One dish I have on special occasions is French toast. Or when I want to treat myself. Remember this Pain Perdu I made after my trip to New Orleans? Oh mama.
This Oven Baked Pumpkin French Toast is so simple and can be prepared the night before. Or if you forget (ahem), it can be prepared an hour ahead of time.
I made these into muffins because I wanted to freeze them for an easy peasy breakfast. Truth here: I am not a morning person. On weekends I enjoy my sleep and then wake up, leisurely get ready and then make breakfast.
This recipe is going on my rotation for its simplicity and hint of pumpkin-ness.
- 6-7 cups cubed bread (French, Brioche, or Challah)
- 4 eggs
- ½ c milk
- ¼ c heavy whipping cream
- 2 c pumpkin purée
- 2 Tbsp brown sugar
- 1 tsp vanilla extract
- 1½ tsp pumpkin pie spice
- 1 tsp ground cinnamon
- Topping:
- 2 Tbsp flour
- 2 Tbsp brown sugar
- 1 tsp pumpkin pie spice
- 2 Tbsp cold butter, diced
- Additional Toppings:
- Confectioners Sugar
- Maple Syrup
- *Note: the pumpkin batter can be prepared and bread soaked for one hour or overnight. The longer it soaks the more flavor you will get. If you do soak it overnight, I would reduce the amount of bread to 5-6 cups.

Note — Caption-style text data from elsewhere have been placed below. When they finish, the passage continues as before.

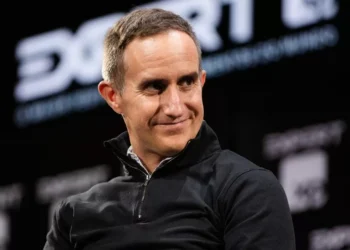 “Poupe como pessimista, invista como otimista”: as lições de Morgan Housel na Expert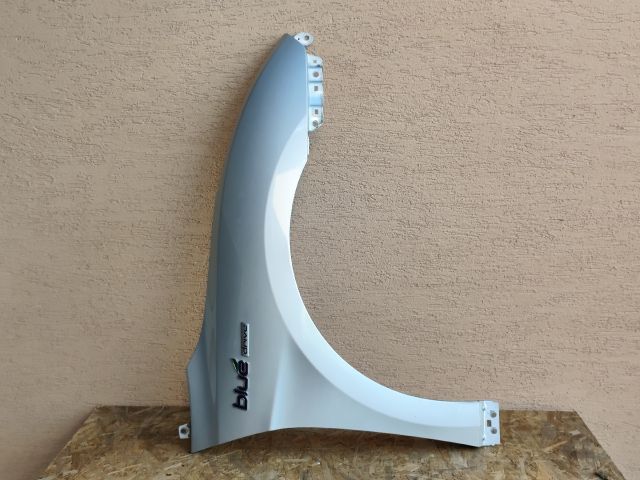 bontott HYUNDAI i40 Jobb első Sárvédő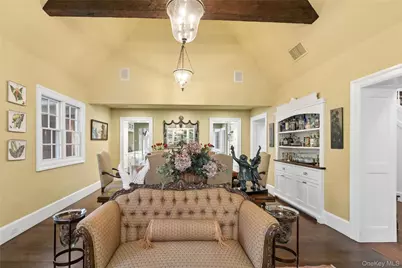 39 Cherry Lane, Syosset, NY 11791 - Photo 6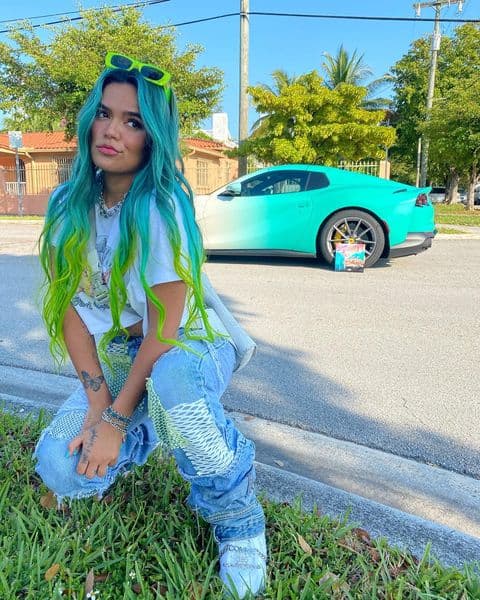 Karol G lidera las listas de popularidad con éxitos como: 'Tusa' y 'Bichota'.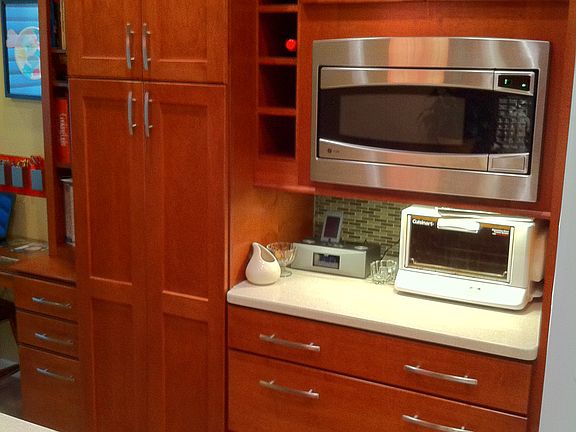 Built-in microwave/winerack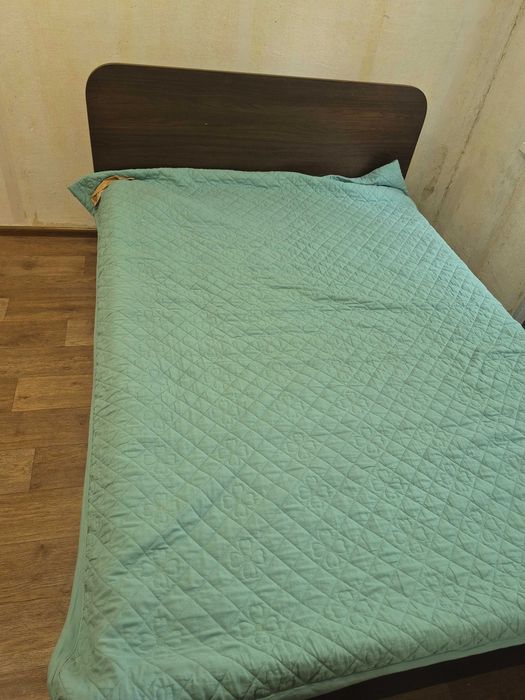 Продам кровать в спальню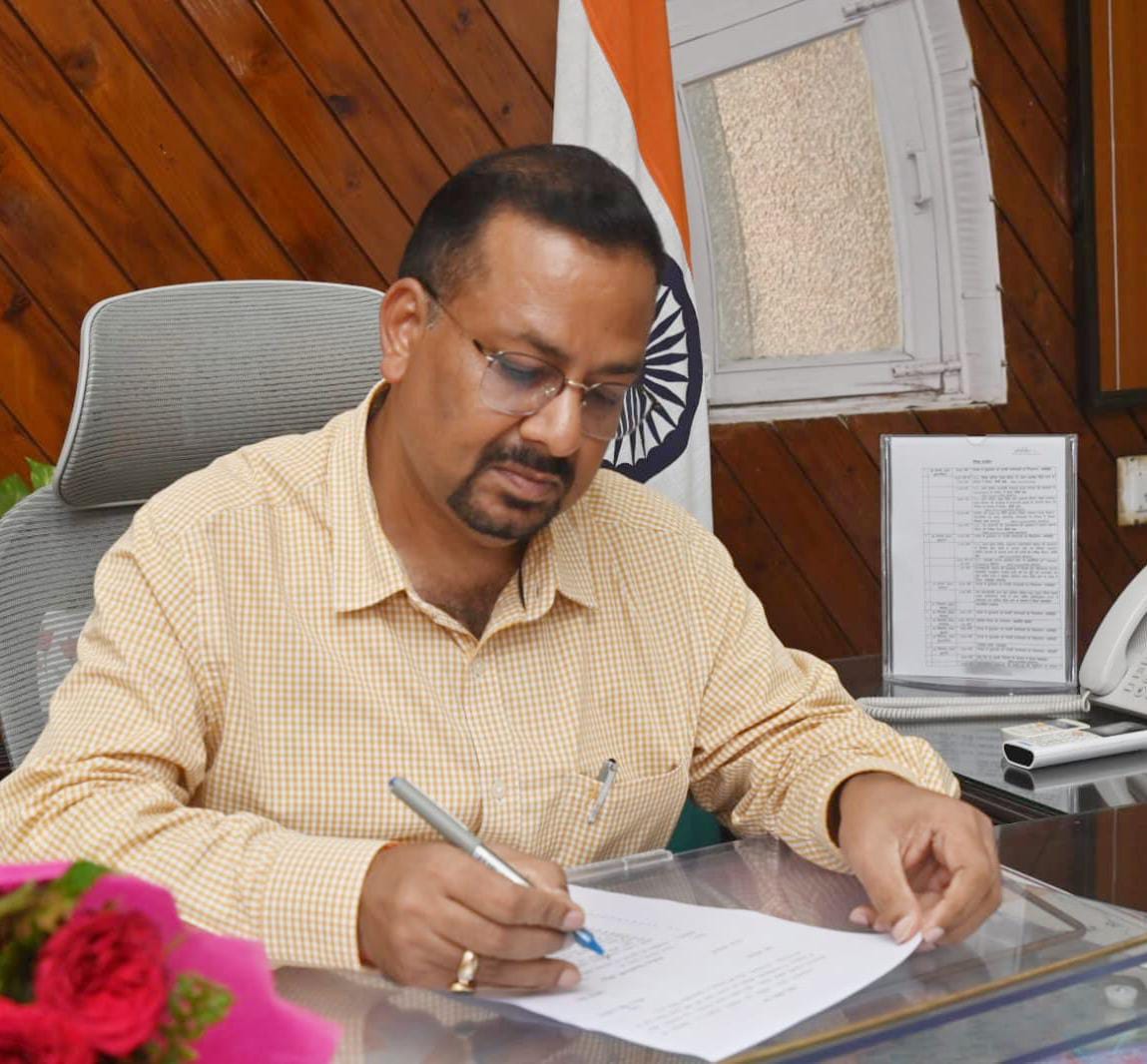 जिलाधिकारी कर्मेंद्र सिंह जिलाधिकारी कर्मेंद्र सिंह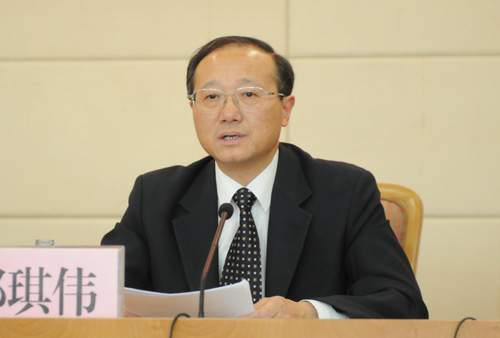 全国红色旅游工作协调小组常务副组长、国家旅游局局长邵琪伟做工作报告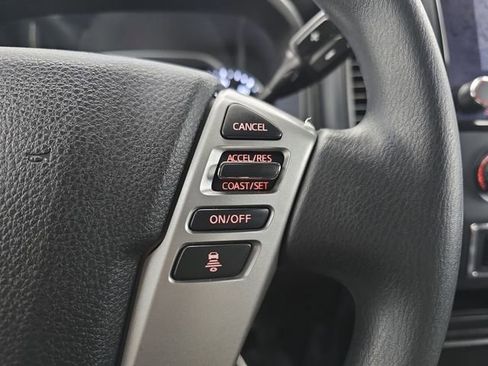 Used 2024 Nissan Titan SV image 32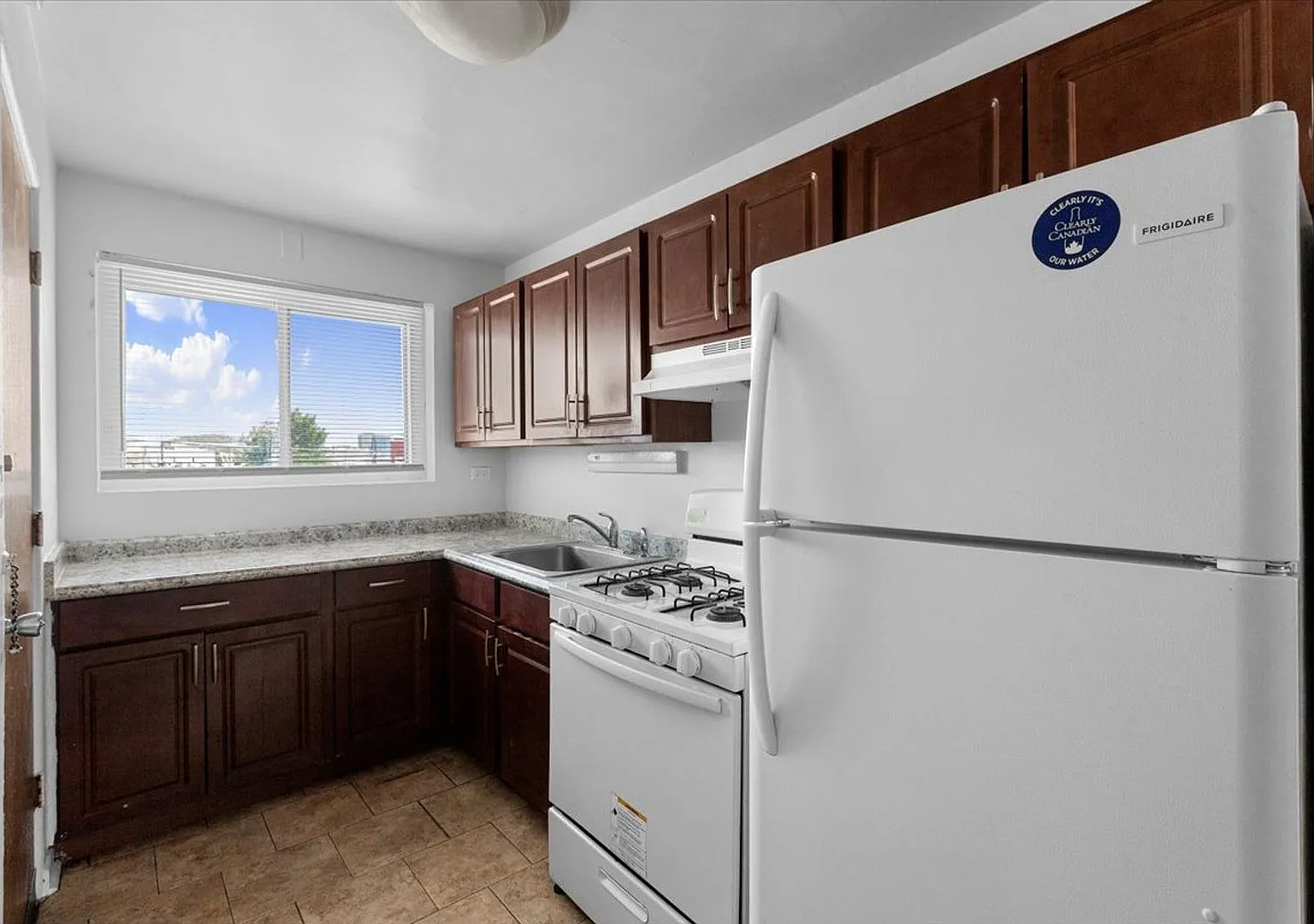 1 bed, 700 sqft, $1,375 — Photo 1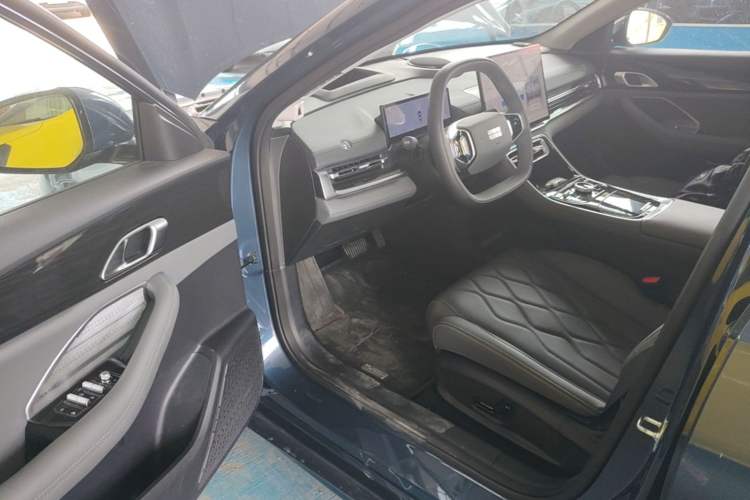 Used Geely Galaxy A7 2025 Model EM-i 150km Exploration+ Edition Driver Seat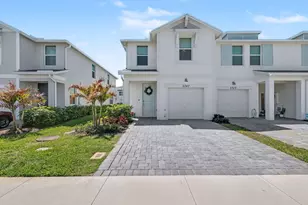 5747 SE Edgewater Cir, Stuart, FL 34997 - Photo 3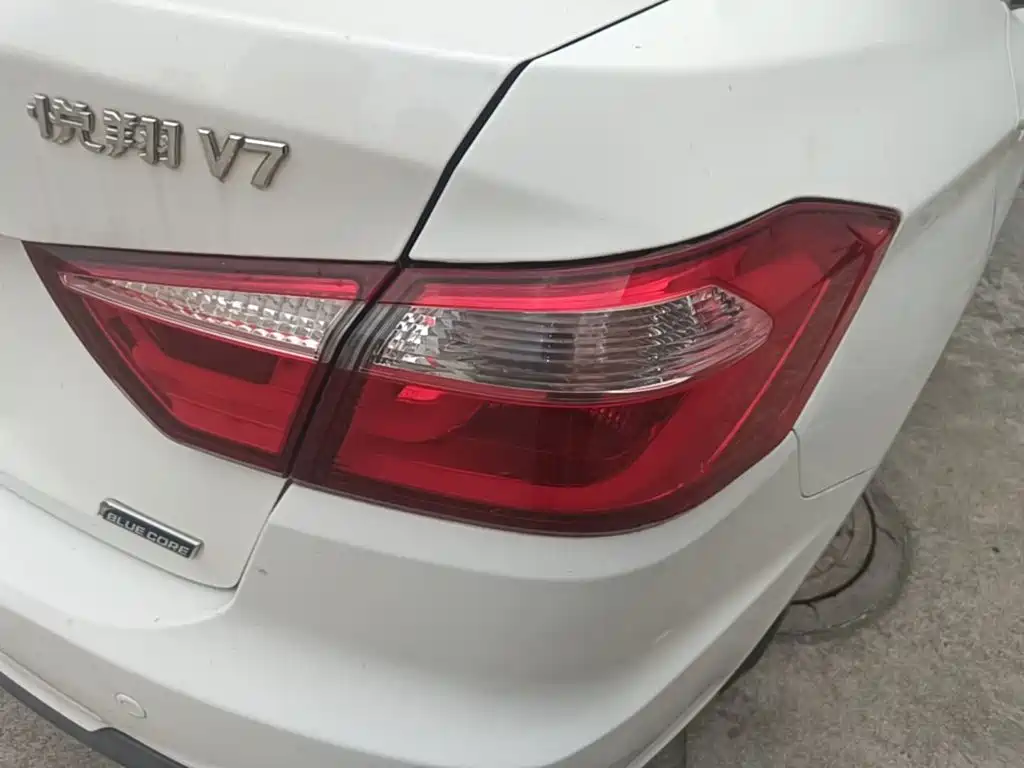Changan V7 — миниатюра 8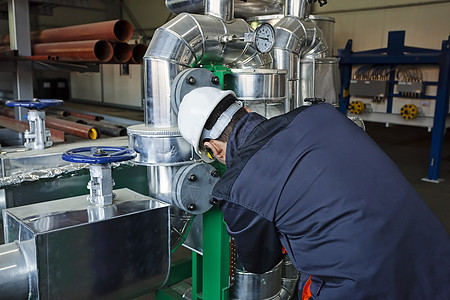 工业动力发动机控制全球商业生产机器工作网络操作员男人金属工人图片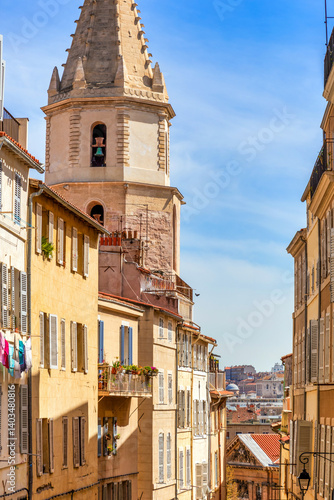 street view in le panier in marseille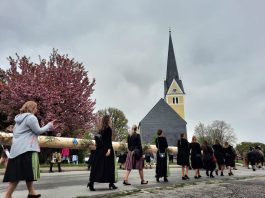 32e22239-f190-44ef-9571-2ecbd116f206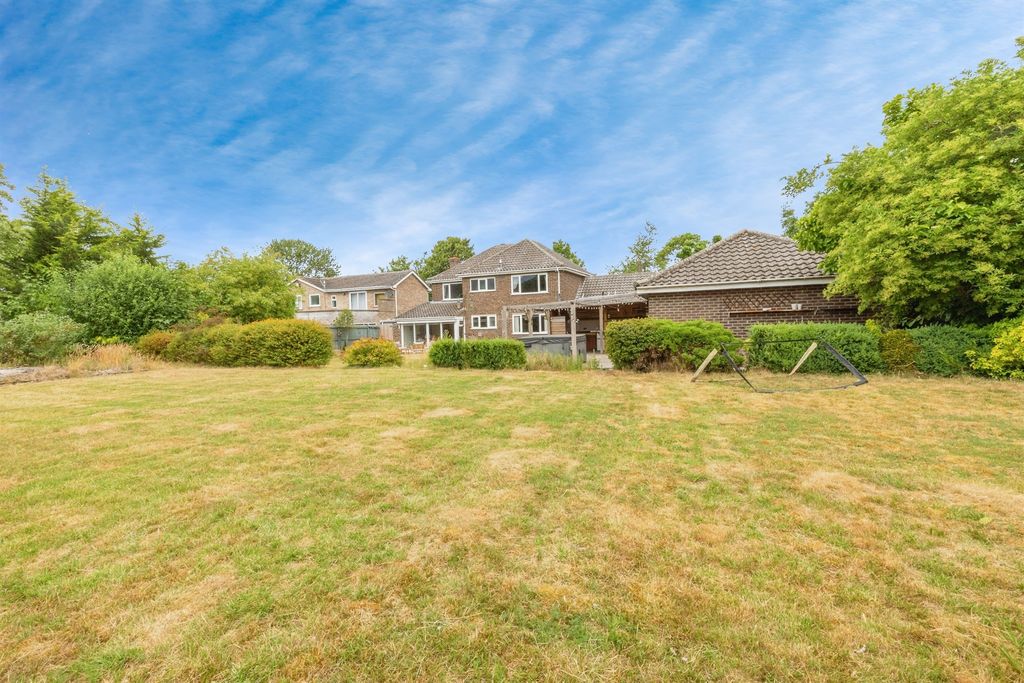 Property photo 3 of 22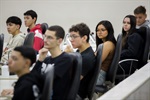 Alunos das turmas 165 e 171, que participaram do Conheça o Legislativo na manhã desta quarta-feira (2)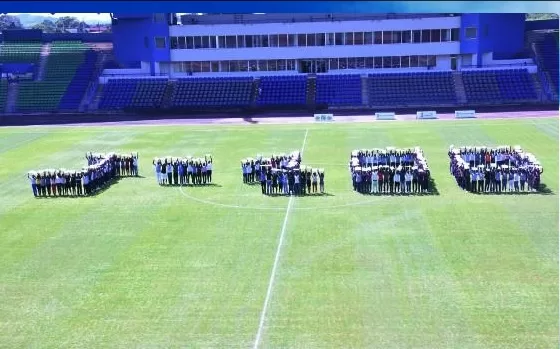 CAN TOTAL GABON 2017 : J-100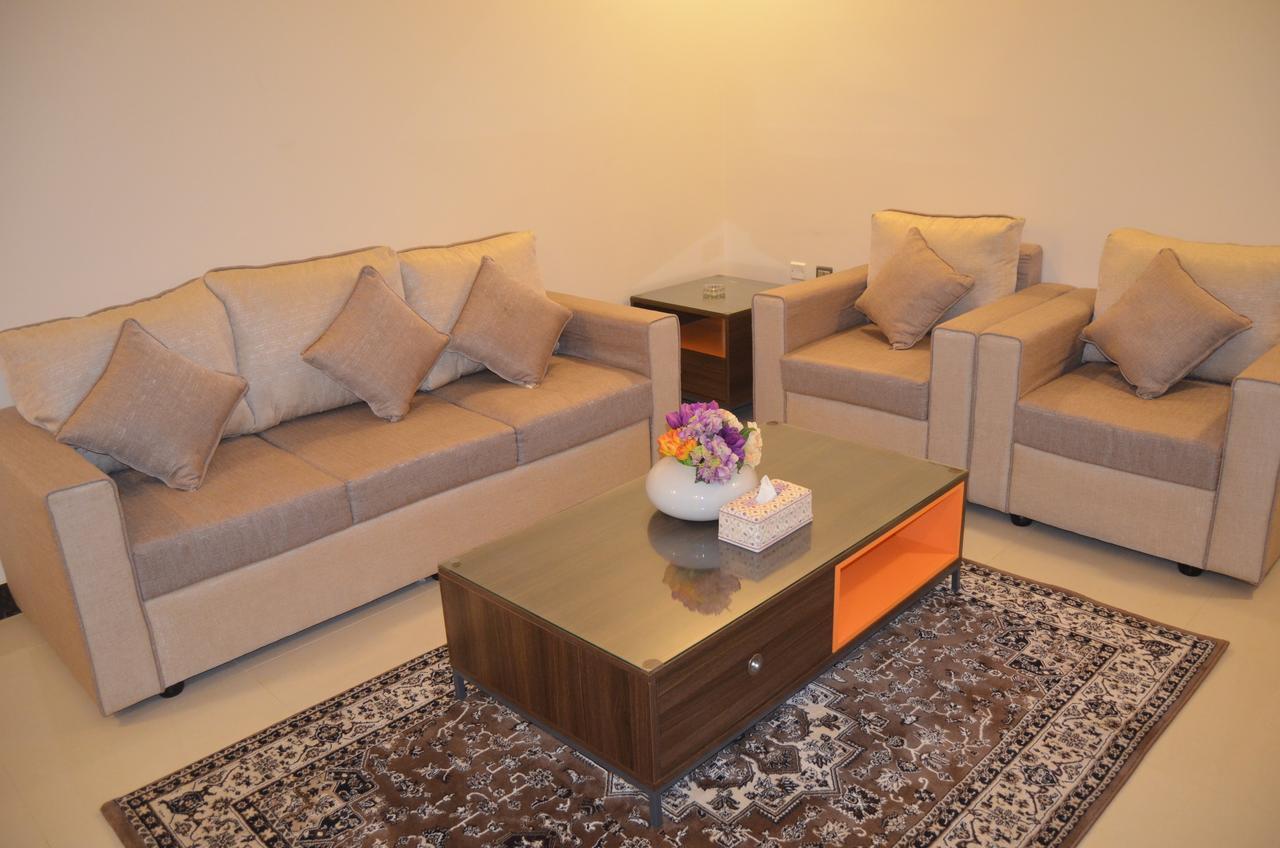 Almanzel Althahabi Aparthotel Dammam Esterno foto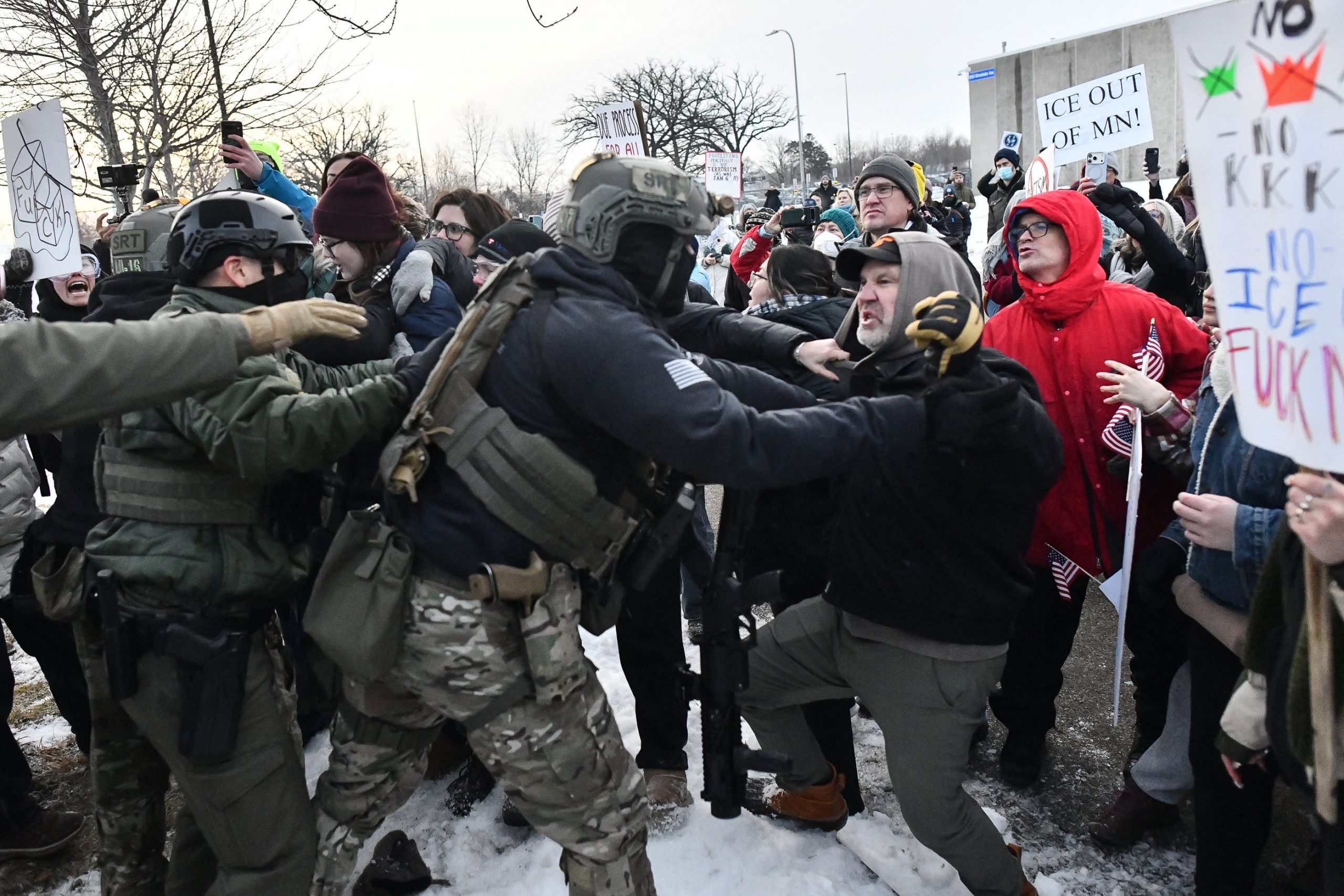 Dice manifestantes Minnesota son profesionales bien pagados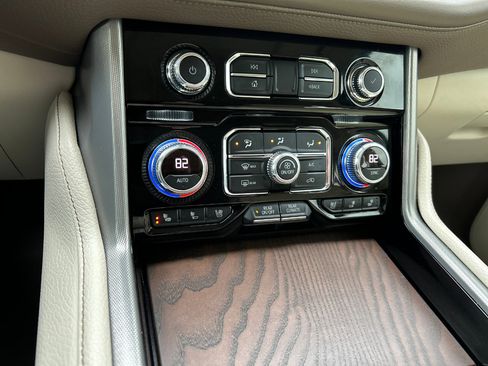 Used 2021 GMC Yukon Denali w/ Denali Premium Package image 14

- Combine eggs, milk, whipping cream, pumpkin, brown sugar, vanilla extract, and spices in a large mixing bowl. Add chunks of bread and mix until bread is immersed in pumpkin mixture. Cover and refrigerate for one hour to overnight.
- When ready to bake, preheat oven to 350 degrees.
- Using a cookie scoop, divide soaked bread among 12 muffin tins.
- Add topping ingredients to a small bowl. Mix together ingredients until butter is crumbled into small pieces. Top bread with flour mixture.
- Bake for 20 minutes.
- Sprinkle with confectioners sugar. Serve with great maple syrup.